Peter Blomevenna (Pieter Blommeveen; 29 March 1466 in Leiden – 14 August 1536 in Cologne) was a Carthusian author and prior of Cologne Charterhouse from 1507 to 1536.

He was a translator of Denis the Carthusian, among many other works, and an active opponent of early Protestantism. He was a close friend of Werner Rolewinck (died 1502).

== Biography ==
Because of the avarice of his parents, although they belonged to a wealthy background, he spent his first years in poverty and difficulties. He studied at the Faculty of Arts in Cologne from 1483, then entered the Carthusian monks in 1489 where he professed his vows on 7 March 1490. He is distinguished by his piety and his intellectual capacities. He was a close friend of the Carthusian Werner Rolevinck.

In 1506, he was elected prior of the Charterhouse of Cologne, a position he assumed until his death. During troubled times, he emphasized a more personal mystique and the demands of the rule of his order. The Charterhouse flourished under his priorate, with between 16 and 25 professed monks and 16 to 17 lay brothers, and quickly became an intellectual and mystical center of its day. Taking advantage of the progress of the printing press, it published authors including Harphius, Johannes Tauler, Henry Suso, Lanspergius (disciple of Peter Blomevenna), Ruysbroeck, Denis the Carthusian (1424–1471).

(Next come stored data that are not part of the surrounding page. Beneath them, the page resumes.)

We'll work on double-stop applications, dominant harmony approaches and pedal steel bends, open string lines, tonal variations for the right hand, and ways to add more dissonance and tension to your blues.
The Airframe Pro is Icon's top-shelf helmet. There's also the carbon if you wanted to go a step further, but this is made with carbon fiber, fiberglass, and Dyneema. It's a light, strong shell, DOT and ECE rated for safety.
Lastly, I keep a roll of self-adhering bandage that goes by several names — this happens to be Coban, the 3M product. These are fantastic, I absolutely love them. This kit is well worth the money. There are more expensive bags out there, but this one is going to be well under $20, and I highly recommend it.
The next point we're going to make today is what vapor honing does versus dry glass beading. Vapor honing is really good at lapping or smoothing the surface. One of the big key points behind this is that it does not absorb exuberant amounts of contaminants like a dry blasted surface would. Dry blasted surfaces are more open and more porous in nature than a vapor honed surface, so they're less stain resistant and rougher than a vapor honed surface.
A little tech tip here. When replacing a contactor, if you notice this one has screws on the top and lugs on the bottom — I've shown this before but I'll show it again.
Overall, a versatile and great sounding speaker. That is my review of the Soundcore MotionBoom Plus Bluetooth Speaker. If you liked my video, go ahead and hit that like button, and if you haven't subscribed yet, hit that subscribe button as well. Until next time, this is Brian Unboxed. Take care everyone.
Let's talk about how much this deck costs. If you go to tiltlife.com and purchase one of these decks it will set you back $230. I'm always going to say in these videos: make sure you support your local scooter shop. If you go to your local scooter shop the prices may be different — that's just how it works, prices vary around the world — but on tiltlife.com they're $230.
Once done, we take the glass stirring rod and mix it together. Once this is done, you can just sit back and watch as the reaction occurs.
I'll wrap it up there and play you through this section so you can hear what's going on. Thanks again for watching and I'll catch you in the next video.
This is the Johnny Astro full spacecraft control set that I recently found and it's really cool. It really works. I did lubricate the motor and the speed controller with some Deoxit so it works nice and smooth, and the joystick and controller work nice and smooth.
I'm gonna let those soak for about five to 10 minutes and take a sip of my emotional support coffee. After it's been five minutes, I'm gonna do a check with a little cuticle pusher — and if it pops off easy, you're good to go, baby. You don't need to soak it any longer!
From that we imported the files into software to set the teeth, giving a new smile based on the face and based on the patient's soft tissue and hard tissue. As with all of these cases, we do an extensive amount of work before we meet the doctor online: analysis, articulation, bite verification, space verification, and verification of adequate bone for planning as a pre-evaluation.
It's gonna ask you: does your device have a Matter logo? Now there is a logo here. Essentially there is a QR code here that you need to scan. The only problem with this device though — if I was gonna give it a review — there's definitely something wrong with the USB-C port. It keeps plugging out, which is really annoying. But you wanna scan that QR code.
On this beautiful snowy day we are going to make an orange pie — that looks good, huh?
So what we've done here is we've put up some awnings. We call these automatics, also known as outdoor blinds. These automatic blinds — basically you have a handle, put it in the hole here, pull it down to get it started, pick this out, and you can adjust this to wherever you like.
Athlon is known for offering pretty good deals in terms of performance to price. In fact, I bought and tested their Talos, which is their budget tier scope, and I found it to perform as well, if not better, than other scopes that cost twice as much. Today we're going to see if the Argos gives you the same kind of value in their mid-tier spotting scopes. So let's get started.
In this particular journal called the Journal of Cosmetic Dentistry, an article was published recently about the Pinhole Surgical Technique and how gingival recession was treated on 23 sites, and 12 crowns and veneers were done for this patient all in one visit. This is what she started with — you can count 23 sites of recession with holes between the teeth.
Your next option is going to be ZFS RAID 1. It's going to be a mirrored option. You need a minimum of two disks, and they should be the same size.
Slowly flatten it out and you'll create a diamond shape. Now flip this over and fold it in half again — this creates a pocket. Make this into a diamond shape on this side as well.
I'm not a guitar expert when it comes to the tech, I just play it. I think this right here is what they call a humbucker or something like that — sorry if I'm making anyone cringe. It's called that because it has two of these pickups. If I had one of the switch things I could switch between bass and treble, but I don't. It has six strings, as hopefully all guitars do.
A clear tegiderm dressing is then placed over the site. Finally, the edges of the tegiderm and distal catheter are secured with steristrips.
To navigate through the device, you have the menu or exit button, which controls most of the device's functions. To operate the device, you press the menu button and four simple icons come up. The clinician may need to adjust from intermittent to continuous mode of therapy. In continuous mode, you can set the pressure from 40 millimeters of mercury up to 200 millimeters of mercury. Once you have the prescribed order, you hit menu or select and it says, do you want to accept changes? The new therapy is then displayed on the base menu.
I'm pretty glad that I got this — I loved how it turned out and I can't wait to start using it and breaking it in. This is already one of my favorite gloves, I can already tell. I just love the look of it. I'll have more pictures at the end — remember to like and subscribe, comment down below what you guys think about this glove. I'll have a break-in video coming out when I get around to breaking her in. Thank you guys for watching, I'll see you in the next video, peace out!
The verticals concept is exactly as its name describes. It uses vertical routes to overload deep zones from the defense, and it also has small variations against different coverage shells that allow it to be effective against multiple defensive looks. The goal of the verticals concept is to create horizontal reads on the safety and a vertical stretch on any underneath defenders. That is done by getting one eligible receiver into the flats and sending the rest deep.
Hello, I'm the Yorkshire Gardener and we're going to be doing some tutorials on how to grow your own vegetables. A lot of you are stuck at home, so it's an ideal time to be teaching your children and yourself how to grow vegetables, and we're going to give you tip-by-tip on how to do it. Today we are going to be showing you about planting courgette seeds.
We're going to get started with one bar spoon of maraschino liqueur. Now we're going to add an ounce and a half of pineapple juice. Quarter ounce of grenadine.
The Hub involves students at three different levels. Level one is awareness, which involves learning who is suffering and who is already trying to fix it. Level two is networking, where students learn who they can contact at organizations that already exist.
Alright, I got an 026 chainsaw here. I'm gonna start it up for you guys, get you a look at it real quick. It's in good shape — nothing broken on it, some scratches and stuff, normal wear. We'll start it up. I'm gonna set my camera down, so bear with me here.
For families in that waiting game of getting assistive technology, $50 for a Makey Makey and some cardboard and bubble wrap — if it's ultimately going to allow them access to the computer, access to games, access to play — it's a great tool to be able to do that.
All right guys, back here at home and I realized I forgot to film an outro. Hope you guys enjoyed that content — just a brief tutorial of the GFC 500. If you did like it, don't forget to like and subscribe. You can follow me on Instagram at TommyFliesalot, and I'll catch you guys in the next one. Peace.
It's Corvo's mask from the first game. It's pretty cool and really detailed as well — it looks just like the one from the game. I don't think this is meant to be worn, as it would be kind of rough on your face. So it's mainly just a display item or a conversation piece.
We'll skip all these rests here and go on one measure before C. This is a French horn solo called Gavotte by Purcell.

In 1520–1530, Peter had an extension built outside the monastery cloister in order to receive visitors wishing to follow the spiritual direction of the Carthusians. The anonymous editor of La Perle évangélique was among these, as were the first Jesuits (Peter Faber and Peter Canisius); pious beguines like Marie Van Houte d'Oisterwijk likely attended as well.

Gérard Kalkbrenner (1494–1566) succeeded him as prior.

== Works ==

He composed treatises, some of which were controversial (against the Anabaptists for example, who had seized Münster in February 1534). In his Enchiridion sacerdotum (1532), he clarified the mystery of the Holy Eucharist. His De Bonitate divina inspired many preachers. In 1509, he published Le Miroir de perfection by the Flemish Franciscan Harphius (1410–1477) and also translated his treatise Directorium Aureum Contemplativorum into Latin which he supplemented with explanatory notes. He edited many texts by Denis the Carthusian and opposed the growing Reformation in Assertio Purgatorii (1534) about Purgatory and the Anabaptists, in De Auctoriate Ecclesiaein (1535) on the teaching authority of the Church, in De Vario Modo adorandi Deum, Sanctos et eorum Imagines (1535) about images and the worship of God in beauty, and Candela Evangelica (1536).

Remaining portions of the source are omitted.